§ **Exercise instructions**
In this exercise, print only the lines from the line with "implants and lift before and after" to the last line of the data below, inclusive. Any pictures should be left out.

Input records START

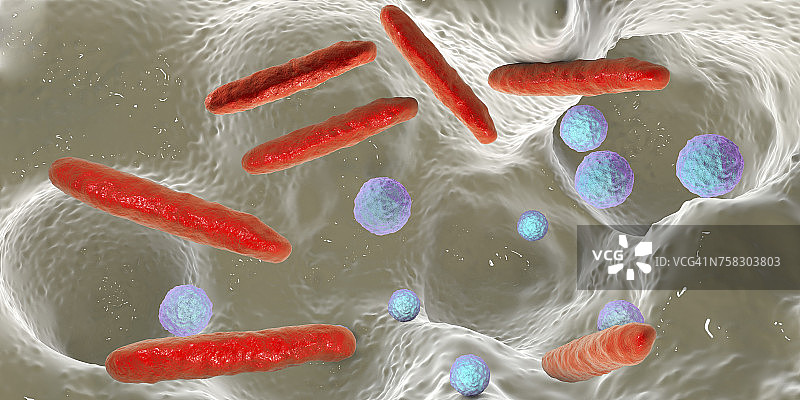 牙洞内的细菌，图示图片素材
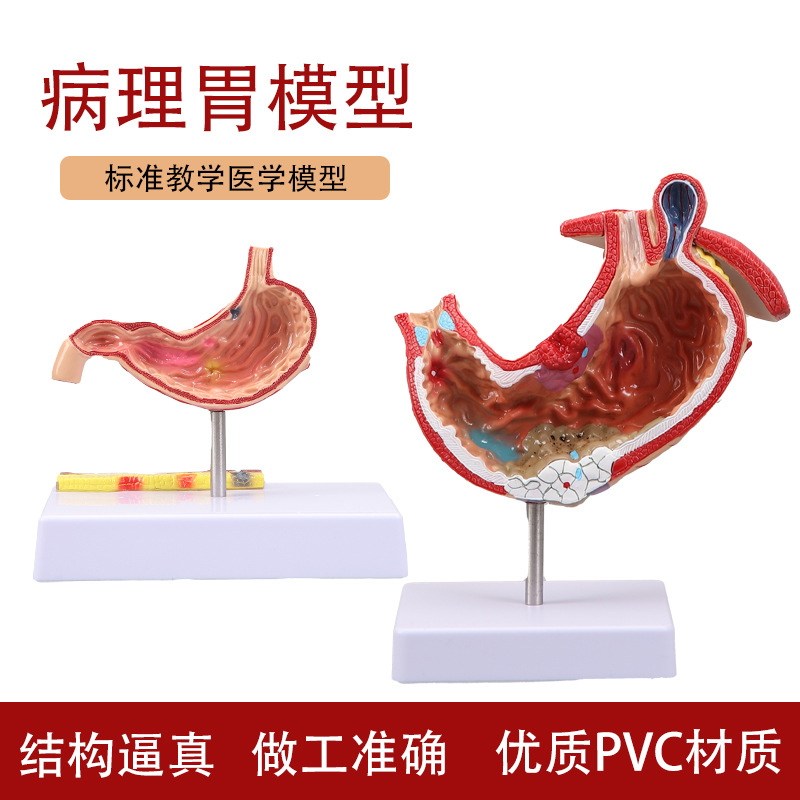 Human stomach anatomy model, traditional Chinese medicine teaching physical object, human stomach structure model, portable demonstration equipment, tuning fork to assist learning details Picture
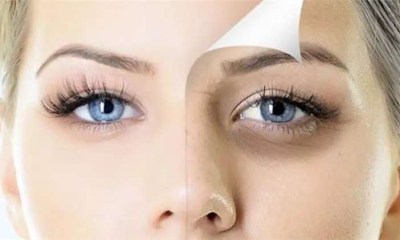 علاج الهالات السوداء تحت العين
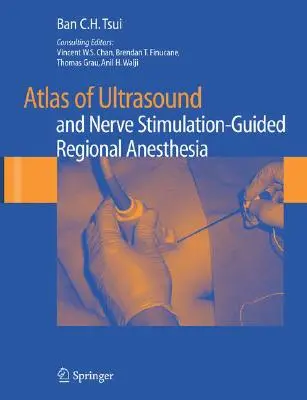 Atlas ultrazvuku a regionálnej anestézie riadenej nervovou stimuláciou - Atlas of Ultrasound and Nerve Stimulation-Guided Regional Anesthesia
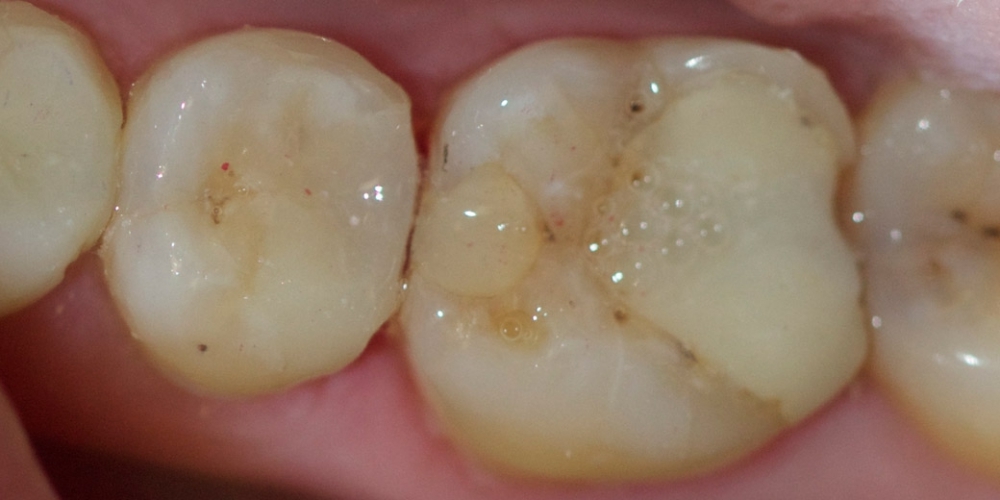 Лечение среднего кариеса на жевательном зубе нижней челюсти - фото №5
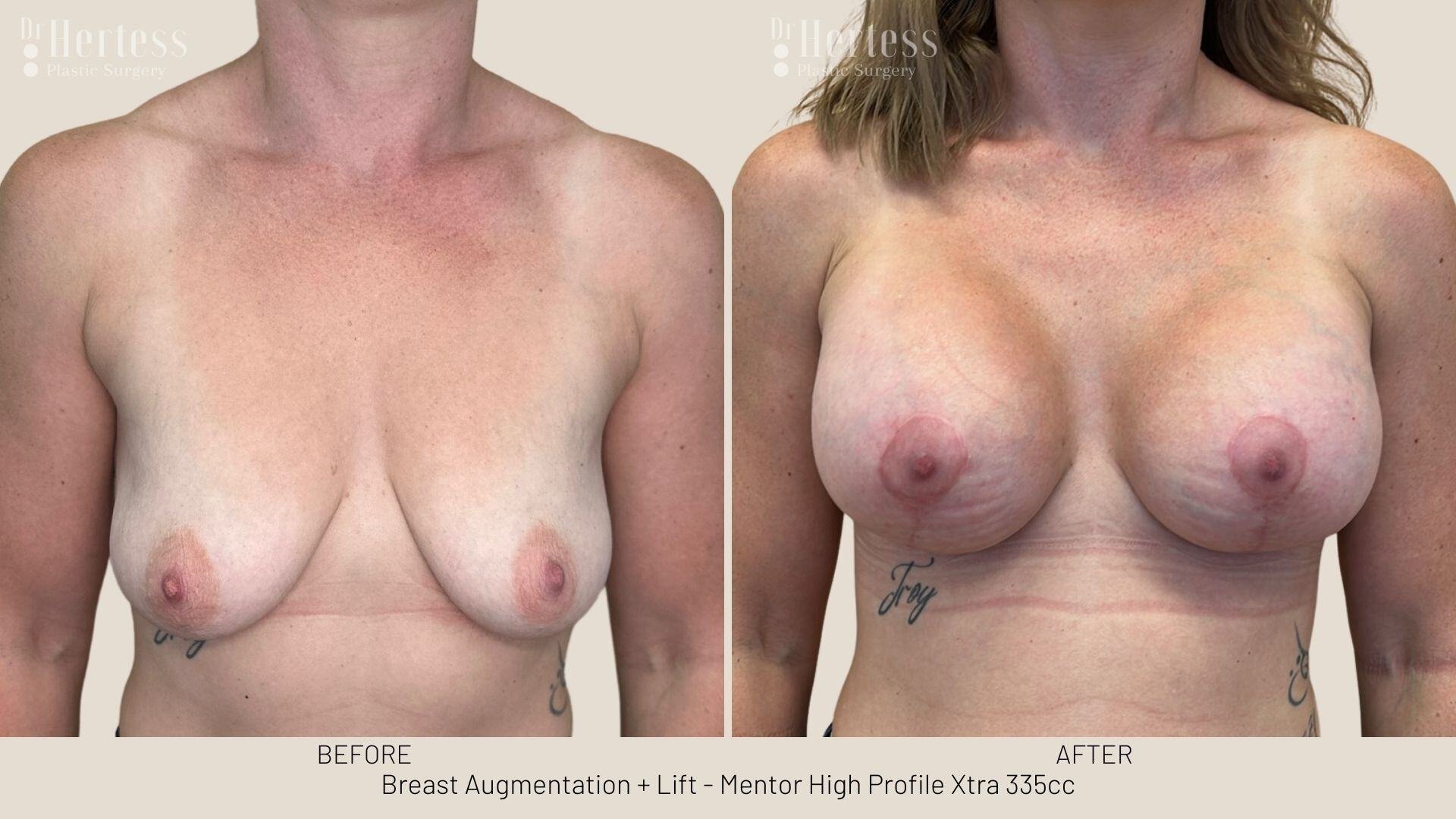 implants and lift before and after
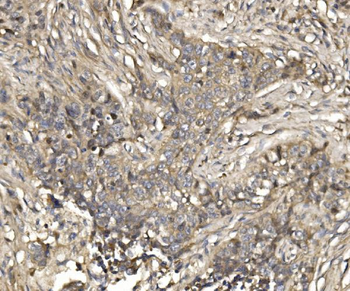 EIF4EBP1 Rabbit Polyclonal Antibody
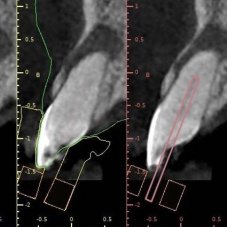 Endodontická šablóna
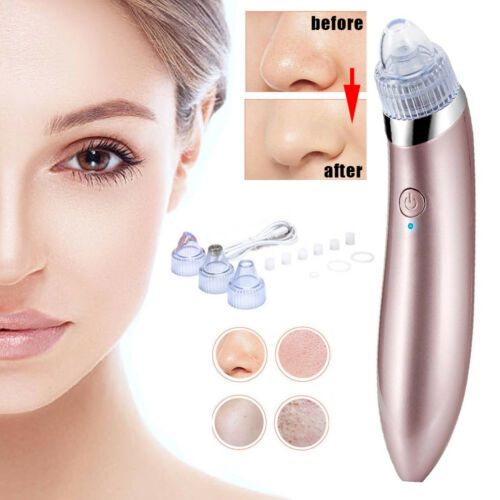 Blackhead Remover Electronic Vacuum Suction Facial Acne Pore Cleaner Extractor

Input records END

§ **Response to this exercise**
 implants and lift before and after
 EIF4EBP1 Rabbit Polyclonal Antibody
 Endodontická šablóna
 Blackhead Remover Electronic Vacuum Suction Facial Acne Pore Cleaner Extractor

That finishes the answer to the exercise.